ExpG stands for Expected Goals. It measures not how many goals a team has scored, but how many goals an average team would have scored with the amount and quality of shots created.
Each goal scoring attempt is assigned a number based on the chance that this attempt produces a goal. Typical parameters to use are shot location and shot type (shot vs header). Some models, including the one I use on 11tegen11, also use assist information to separate through-balls from crosses.
Teams that produce more ExpG than they concede have the best chances of winning football matches.
Total Shots Rate
ExpG has its roots in another key metric in football, Total Shots Rate, or TSR. Before trying to grasp ExpG, it is important to get familiar with shots rates.
Total Shots Rate = Shots For / (Shots For + Shots Against)
This formula provides TSR on a 0 to 1 scale. If a team takes all shots in a match, or a series of matches, TSR will be 1, and the more shots it has to leave to opponents, the lower TSR gets. On average, over multiple teams in the same league, TSR will always be 0.500, since each shot for is a shot against for another team.
TSR is pretty simple, yet it is a powerful predictor for future performance of football teams. Ever since its introduction to football, by James Grayson, TSR has dominated the analytics community. James has shown TSR to have the two qualities that are essential for a powerful team ranking tool.
- TSR shows a strong correlation with both points per game, and goal difference.
- TSR in one time period shows a strong correlation with TSR in the next time period.
If only the first condition is met, the metric would be strong in telling what has happened, but does not translate into the future.

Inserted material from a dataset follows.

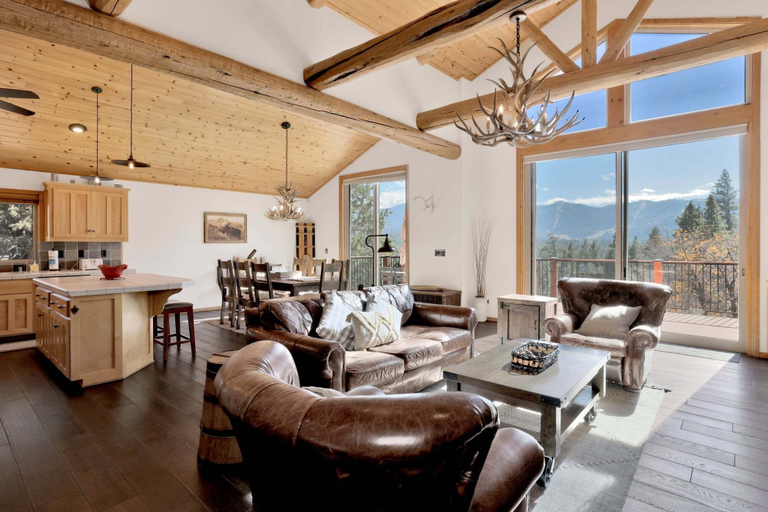 Living area 4, 2606-view on the Rocks, San Bernardino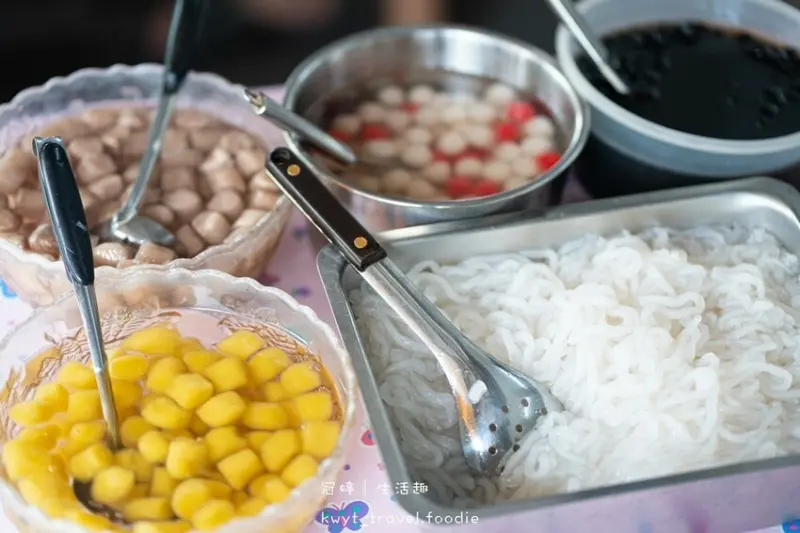 【阿芬古早味黑糖剉冰】加料5元！？嘉義西區冰店推薦，隱身北興街市場的手作好味│菜單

Goal keeper saves percentage is a nice example of a stat that helps explaining what has happened, but holds no power for matches still to come.
If only the second condition is met, the metric would be strong in translating into the future, but not correlated to performance. Team shirt color is a nice example, where translation into the future is easy, but a relation to performance does not exist.
The problem with TSR
The problem with TSR is that it treats all shots equal, which does not fit the fluency of football, where shots are not equal. Shots may come through a crowd of defenders from 40 yards out, or from the penalty spot in optimal circumstances. For TSR, both shots count as one, and both influence TSR equally.

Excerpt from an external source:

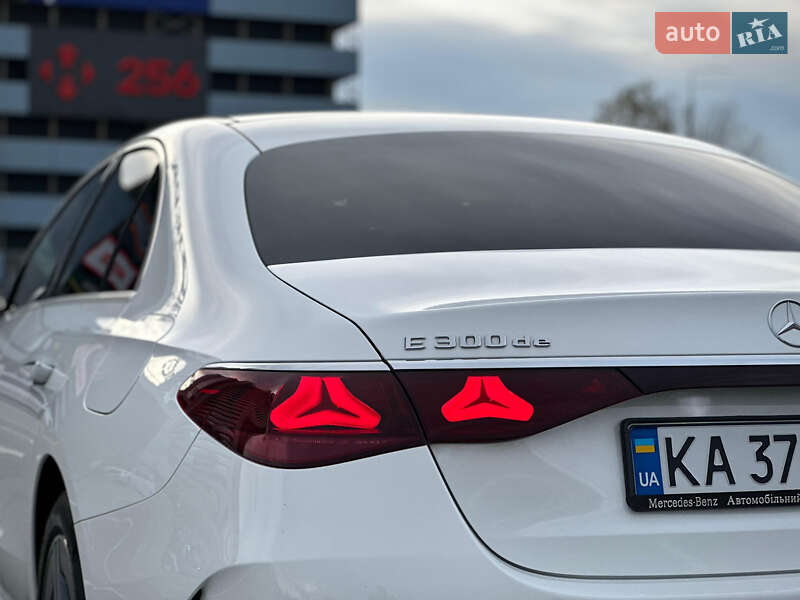 Седан Mercedes-Benz E-Class 2024 в Києві фото 40 Седан Mercedes-Benz E-Class 2024 в Києві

This induces errors and probably also bias.
Errors arise because some shots are worth more than others. Sometimes a team creating 20 shots did a powerful job, but other days the team was just trigger happy and produced weak quality output. It may sound weird, but errors are not too much of a problem in a predictive model.
Bias is much worse.
If all teams produce and concede an equal case mix of poor and high quality shots, TSR would, despite its errors, be a perfect tool. However, there is plenty of evidence around that this is not the case. Some teams produce high quality shots, like Barcelona, and other teams produces low quality shots, like Laudrup’s Swansea.
Shot quality definitely meets condition one. It is related to performance in terms of points per game and goal difference. However, the clear cut evidence that it meets condition two is less clear. Data to measure shot quality is around since the 2012/13 season, so we don’t have high quality season-to-season correlation measurements. In other words, was Swansea’s recent struggle to produce decent shot quality just a flurry that would fix itself, or does it indicate an underlying reason that will cause the team to produce below average quality shots in the near future?
In the end
ExpG is hot, and if you’d ask me now, I’d say ExpG is the next big step that is being taken now in football analytics. Intuitively it makes a lot of sense to separate goal scoring attempts by the odds of scoring from it. However, for a new metric to be adopted for truth, a bit more work is needed. ExpG is a lot more complex than just counting shots. To show that this effort is worthwhile, we should first do a better job to illustrate its supremacy over TSR.